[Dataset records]
○ ○ ○ ○

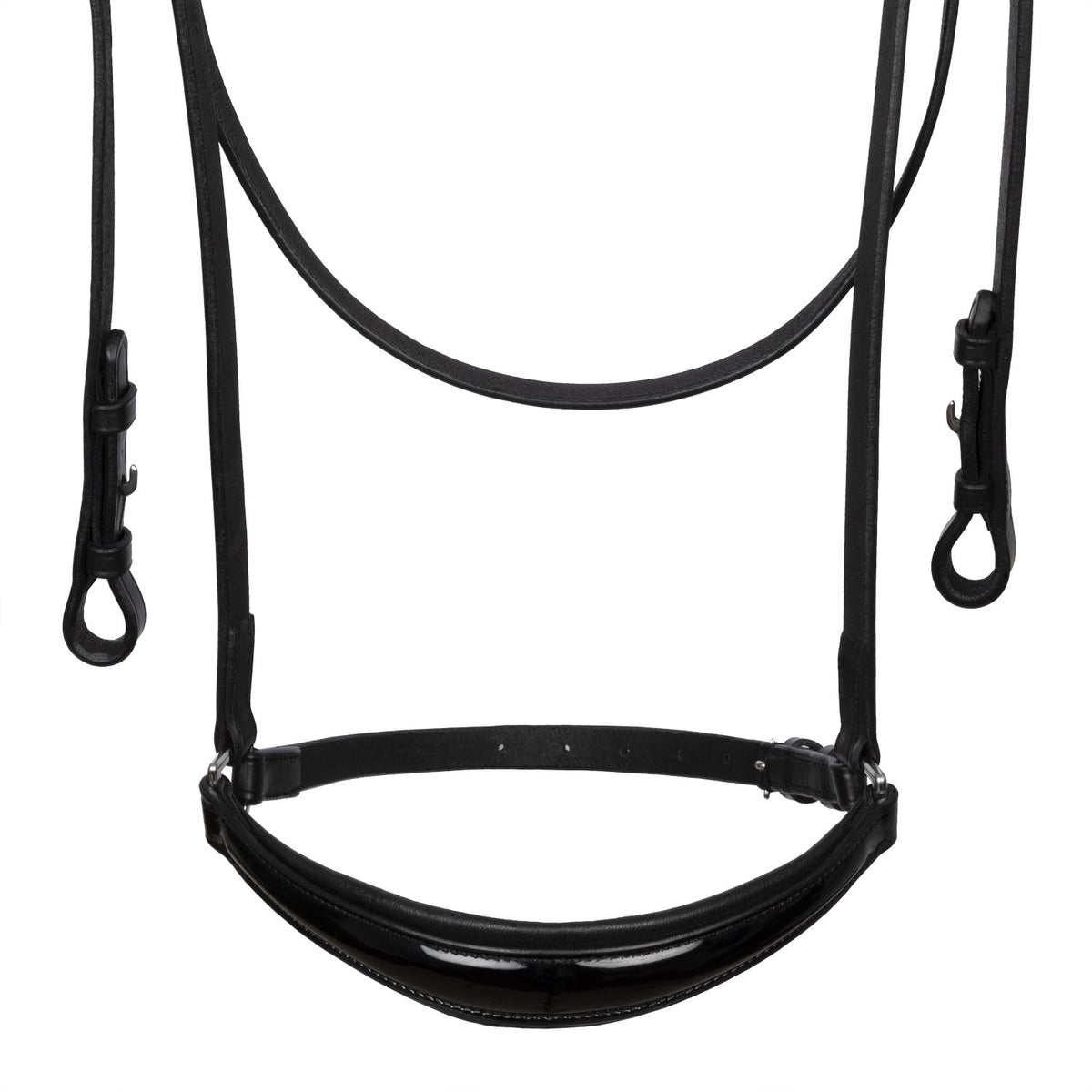 Acavallo Dama bridle calfskin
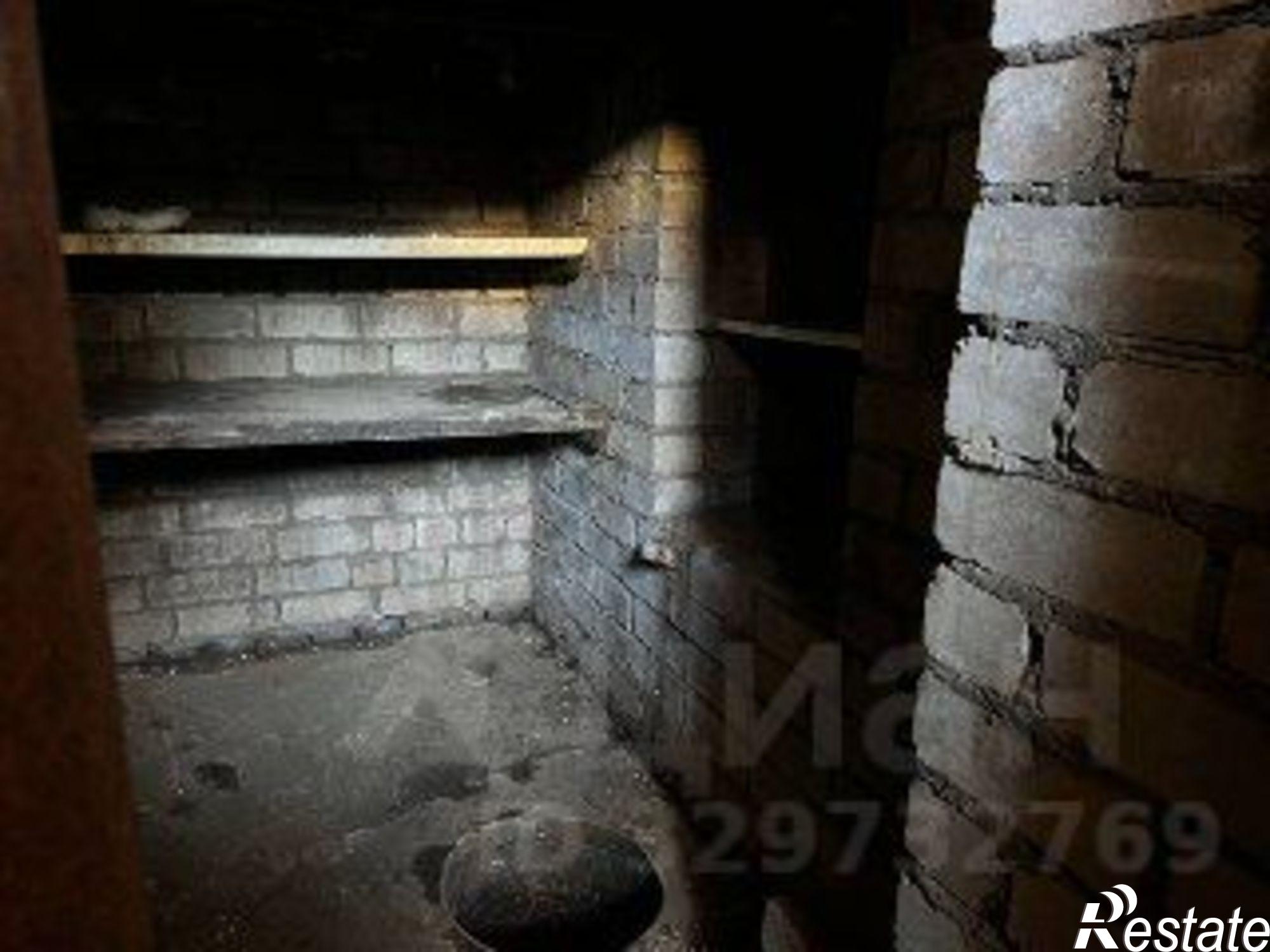 Купить гараж, место в паркинге за 1 600 000 рублей на Солнечный пр-д, 4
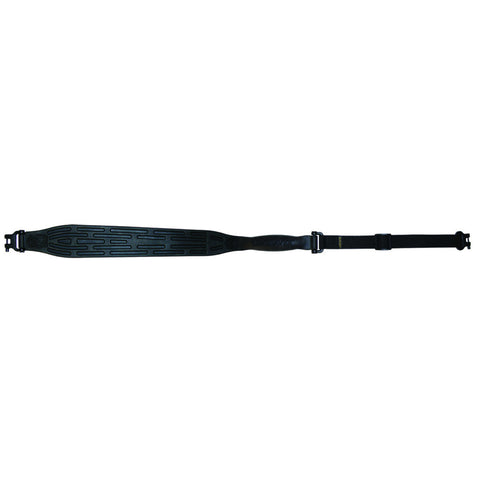 Limbsaver KodiakLite Crossbow Sling Black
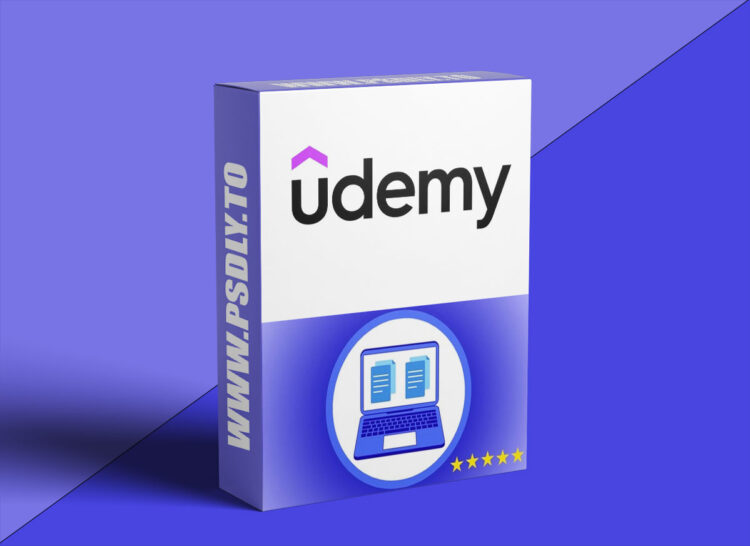 Udemy – LibreOffice Writer - From Beginner to Master 1 LibreOffice Writer - From Beginner to Master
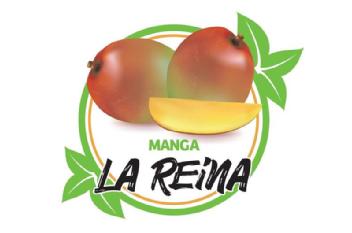 MANGA LA REINA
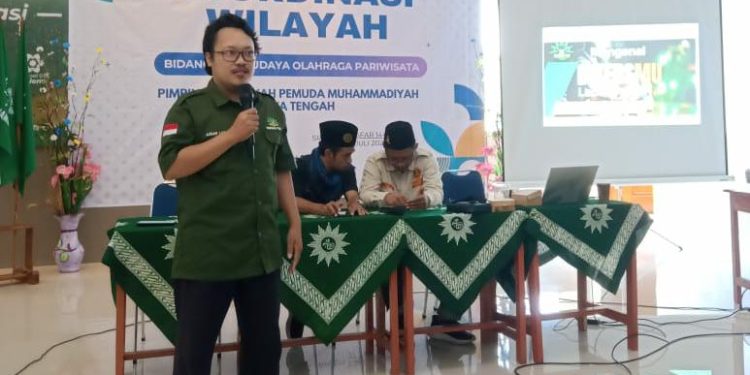 BikersMu Terus Melaju dari Aceh hingga Papua: Dakwah di Atas Roda yang Kian Menggema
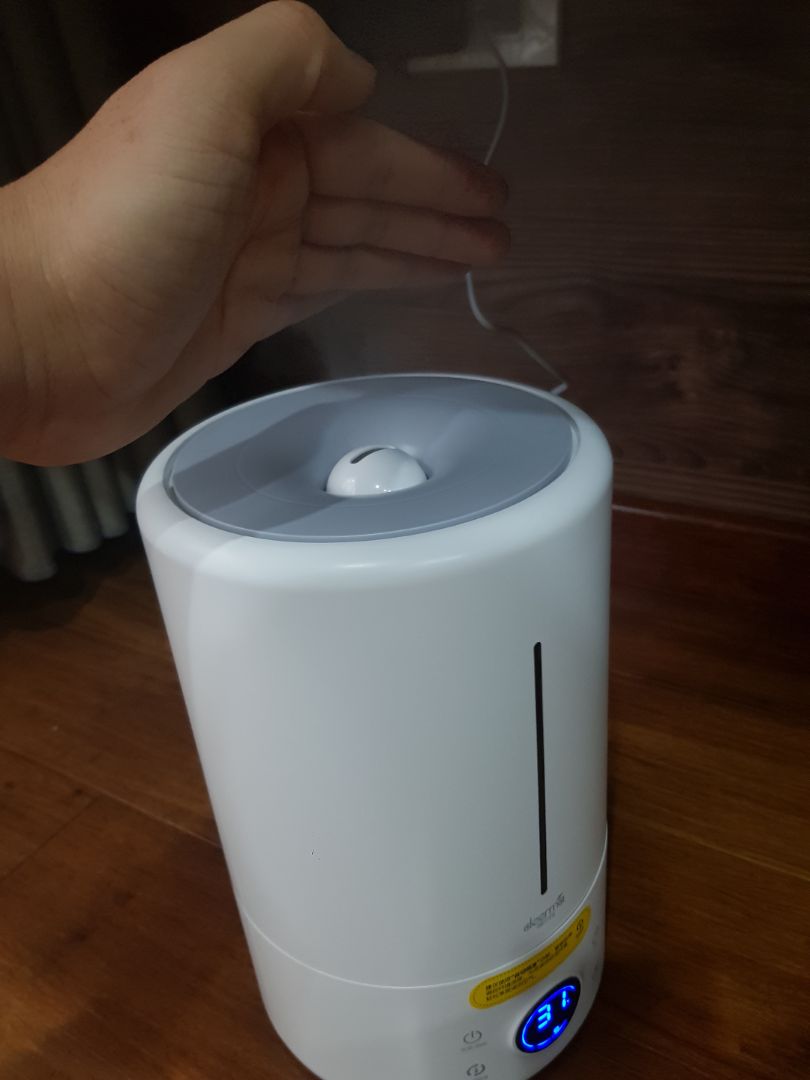 Máy chạy êm, đầy đủ tính năng, giá cả phải chăng so với những gì máy đem lại. Độ bền thì không biết thế nào, cần thời gian kiểm chứng! Máy chạy êm, đầy đủ tính năng, giá cả phải chăng so với những gì máy đem lại. Độ bền thì không biết thế nào, cần thời gian kiểm chứng!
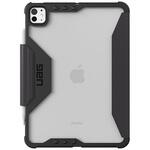 UAG社iPad11Pro用耐衝撃ケース PLYO LT UAG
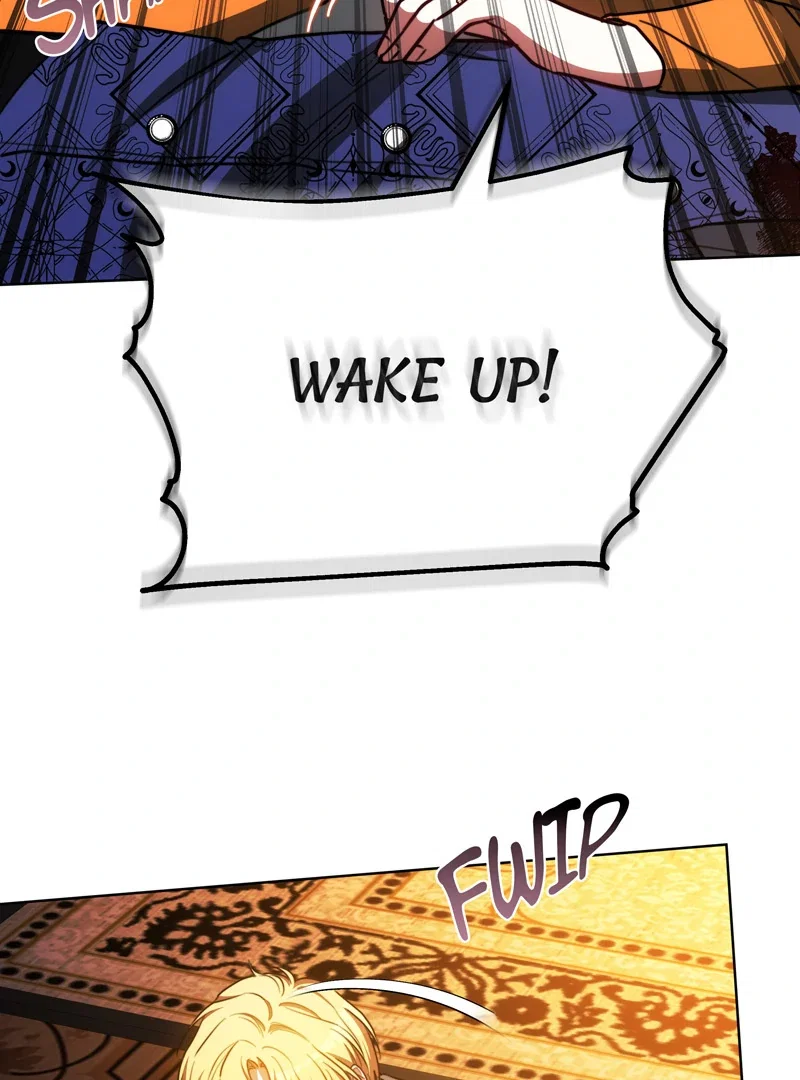 Chapter 93 - Image 71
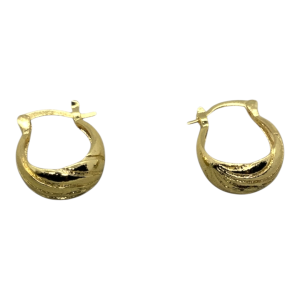 Aros FF. ER150007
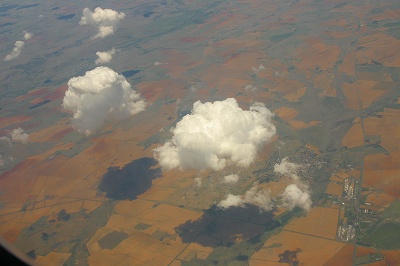 雲.jpg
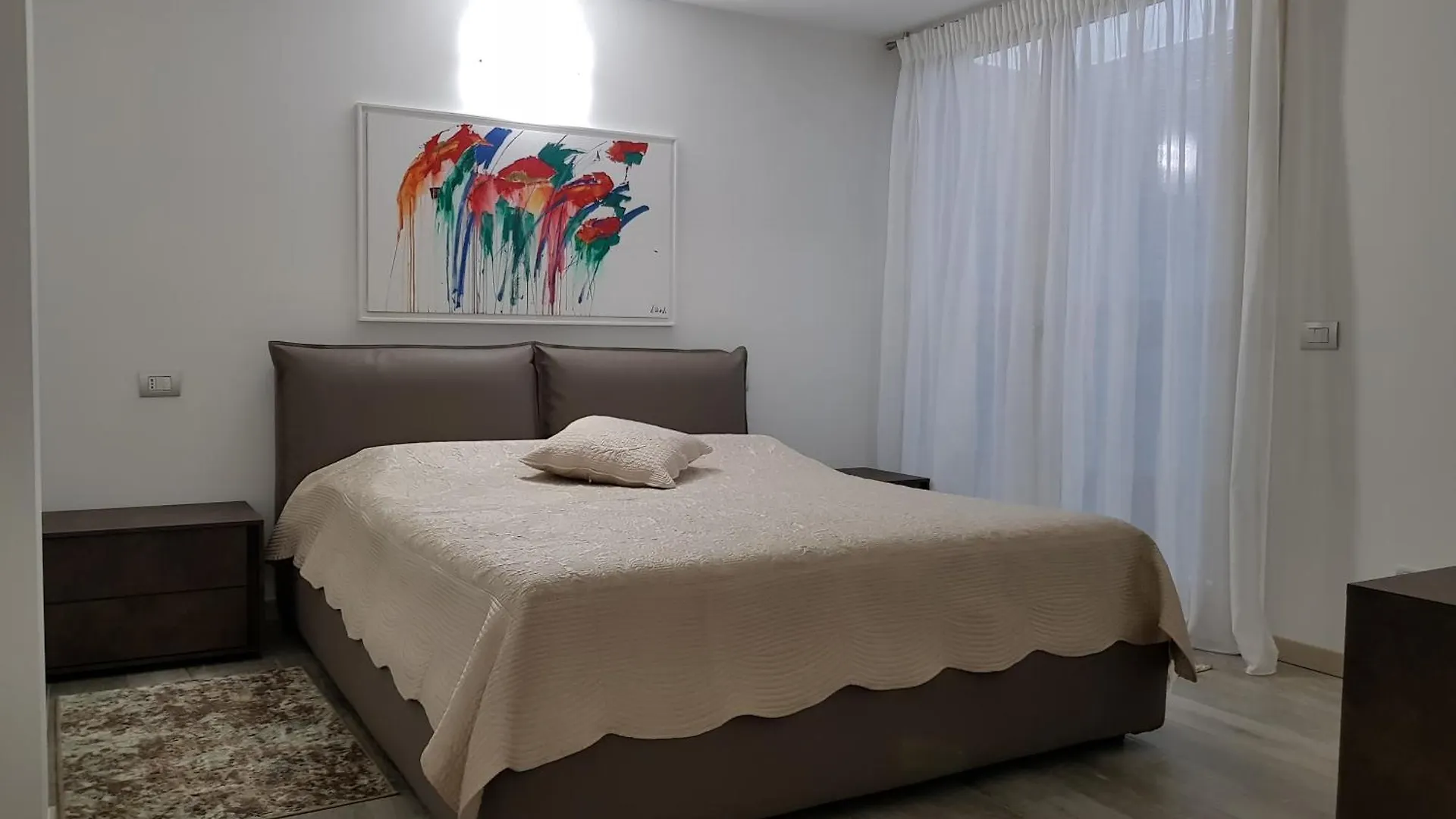 Luxury Apartments Beauty Gardens Sirmione 0*,  Italy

○ ○ ○ ○

** WHAT IS REQUIRED **
Leave every picture out, and transcribe the data above exactly as it reads.

** TASK ANSWER **
 Acavallo Dama bridle calfskin
 Купить гараж, место в паркинге за 1 600 000 рублей на Солнечный пр-д, 4
 Limbsaver KodiakLite Crossbow Sling Black
 Udemy – LibreOffice Writer - From Beginner to Master 1 LibreOffice Writer - From Beginner to Master
 MANGA LA REINA
 BikersMu Terus Melaju dari Aceh hingga Papua: Dakwah di Atas Roda yang Kian Menggema
 Máy chạy êm, đầy đủ tính năng, giá cả phải chăng so với những gì máy đem lại. Độ bền thì không biết thế nào, cần thời gian kiểm chứng! Máy chạy êm, đầy đủ tính năng, giá cả phải chăng so với những gì máy đem lại. Độ bền thì không biết thế nào, cần thời gian kiểm chứng!
 UAG社iPad11Pro用耐衝撃ケース PLYO LT UAG
 Chapter 93 - Image 71
 Aros FF. ER150007
 雲.jpg
 Luxury Apartments Beauty Gardens Sirmione 0*,  Italy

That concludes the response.